Iordanis Konstantinidis

Personal information
- Nationality: German
- Born: 10 June 1998 (age 28) Heidenheim an der Brenz, Germany
- Height: 1.78 m (5 ft 10 in)

Sport
- Country: Germany
- Sport: Taekwondo
- Event: –63 kg
- Club: TSV Dachau 1865 e.V.
- Team: GER
- Turned pro: 2018
- Coached by: Demirhan Aydin, Reinhard Langer
- Retired: 2026
- Now coaching: Ela Aydin Konstantinidis

Achievements and titles
- World finals: 3rd place, bronze medalist(s)
- Regional finals: 3rd place, bronze medalist(s)
- National finals: 1st place, gold medalist(s)
- Highest world ranking: 7 (2021, 2022)

Medal record
Men's taekwondo
Representing Germany
World Championships
| Bronze medal – third place | 2019 Manchester | 63 kg |
European U21 Championships
| Bronze medal – third place | 2017 Sofia | 63 kg |
European Junior Championships
| Bronze medal – third place | 2015 Daugavpils | 63 kg |

= Iordanis Konstantinidis (taekwondo) =

German taekwondo practitioner

Iordanis Konstantinidis (born 10 June 1998) is a German taekwondo athlete and former national team member. He is the 2019 world bronze medallist in the 63 kg weight category.

== Career ==

=== Junior ===

Iordanis Konstantinidis began practicing taekwondo at the age of seven after discovering the sport through martial arts films. He began training in Dachau alongside fellow national team member Ela Aydin and first represented the German national team in a continental competition at the 2013 European Junior Championships in Porto.

In the years following, Konstantinidis took part in international G-ranked competitions as well as the 2014 World Juniors Taekwondo Championships and the 2015 European U21 Championships.

In 2015, he won his first major medal at the international stage, a bronze at the European Junior Taekwondo Championships in Daugavpils.
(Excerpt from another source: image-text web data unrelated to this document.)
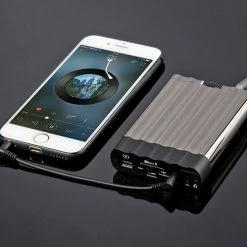 Portable Amps &DACs IFi Audio - XCAN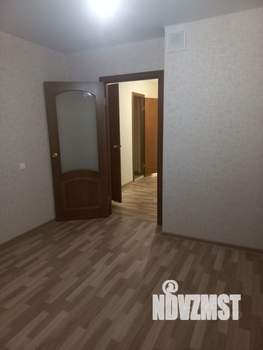 1-к квартира, на длительный срок, 47м2, 4/10 этаж
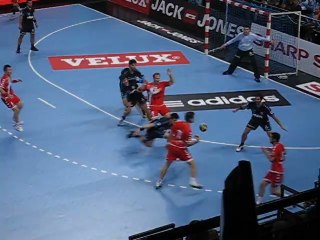 Chambéry - Zagreb : Basic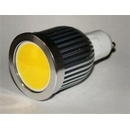 Žárovky G21 LED žárovka GU10-COB 230V 5W 350lm Teplá bílá Stmívatelná GA-BY-1017-D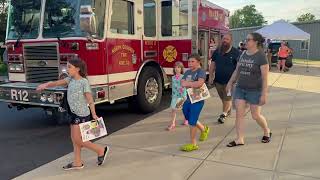 National Night Out 2026 Recap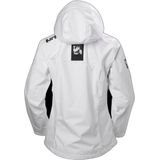 Helly Hansen - Crew Midlayer - Dames Hoodie - Polyester - Blauw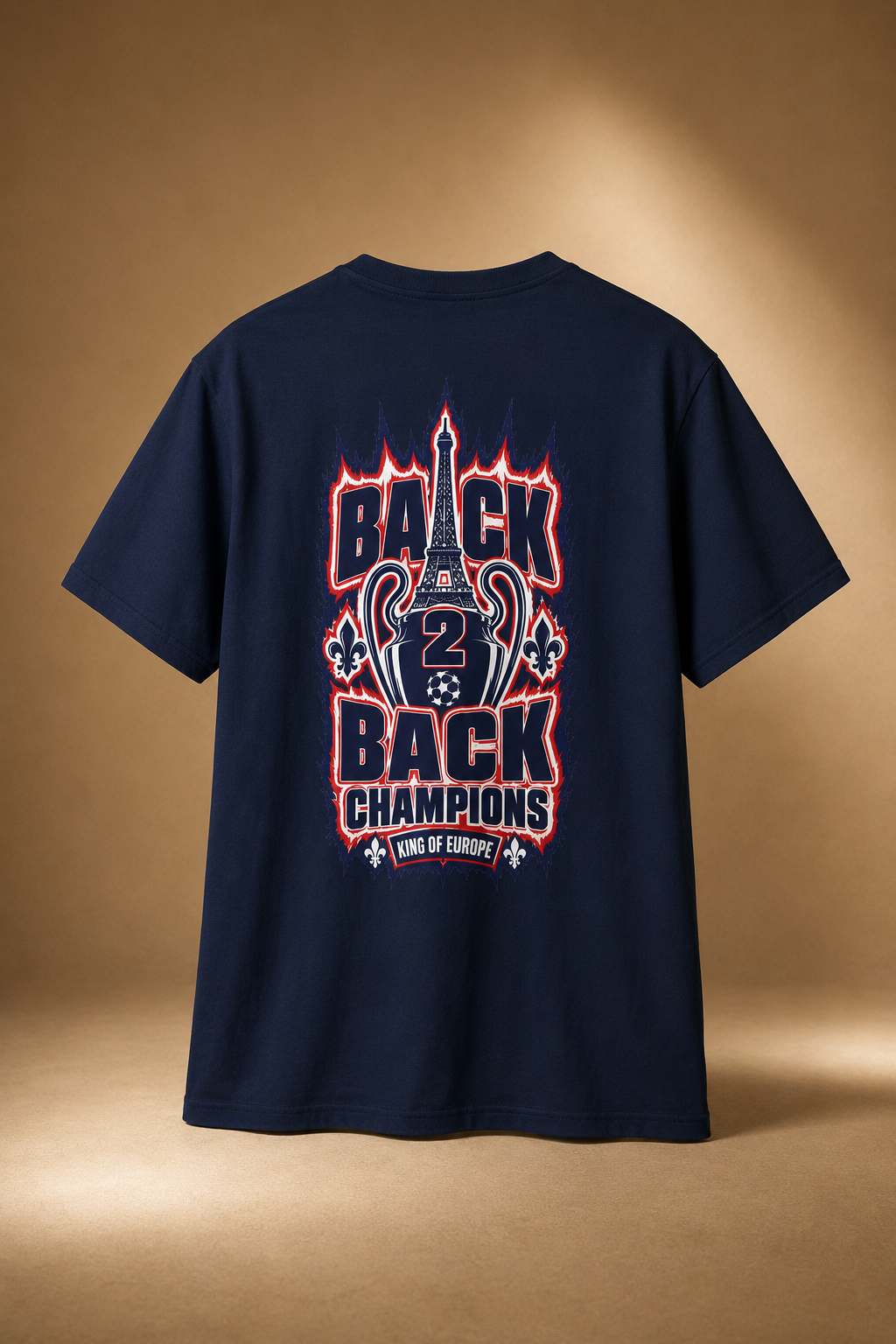 Back2Back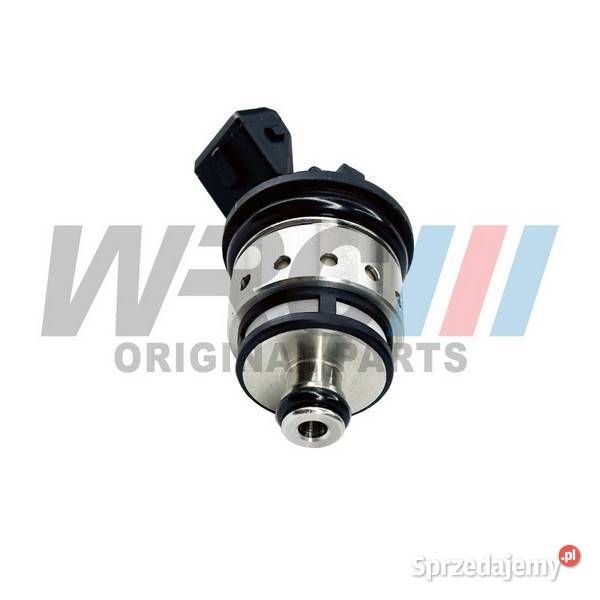 Wtrysk gazu LPG Landi Renzo MED Renault Alfa kujawsko-pomorskie Włocławek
In 2017, Konstantinidis won another bronze medal at the European U21 Championships in Sofia.

=== Senior ===

Konstantinidis started competing at the senior level in 2017, when he participated in the World Championships in Muju. The following year, he won a silver medal at the 2018 Multi European Games in Plodiv.

At the 2019 World Championships in Manchester, he beat Dominican athlete Bernardo Pié 12 to 9 in the quarter-finals and lost to China's Zhao Shuai 8 to 10 in the semi-finals to win a bronze medal in the men's 63 kg competition.

Konstantinidis took part in the 2021 and 2022 European Championships. In 2022, he won the gold medal at the Multi European Games held in Sofia. Konstantinidis participated in the 2023 World Championships in Baku, he won his latest international medal - a bronze - at the 2023 Albanian Open in Tirana. In January 2026, he formally announced his retirement and outlined his plans to continue supporting the sport of taekwondo in a coaching capacity.

== Personal life ==

Konstantinidis had joined the sports promotion group of the Bundeswehr (German: Sportfördergruppe der Bundeswehr) in 2018 and had since been a Soldier-Athlete (German: Sportsoldat) during his time as a professional taekwondo athlete until his retirement in 2026.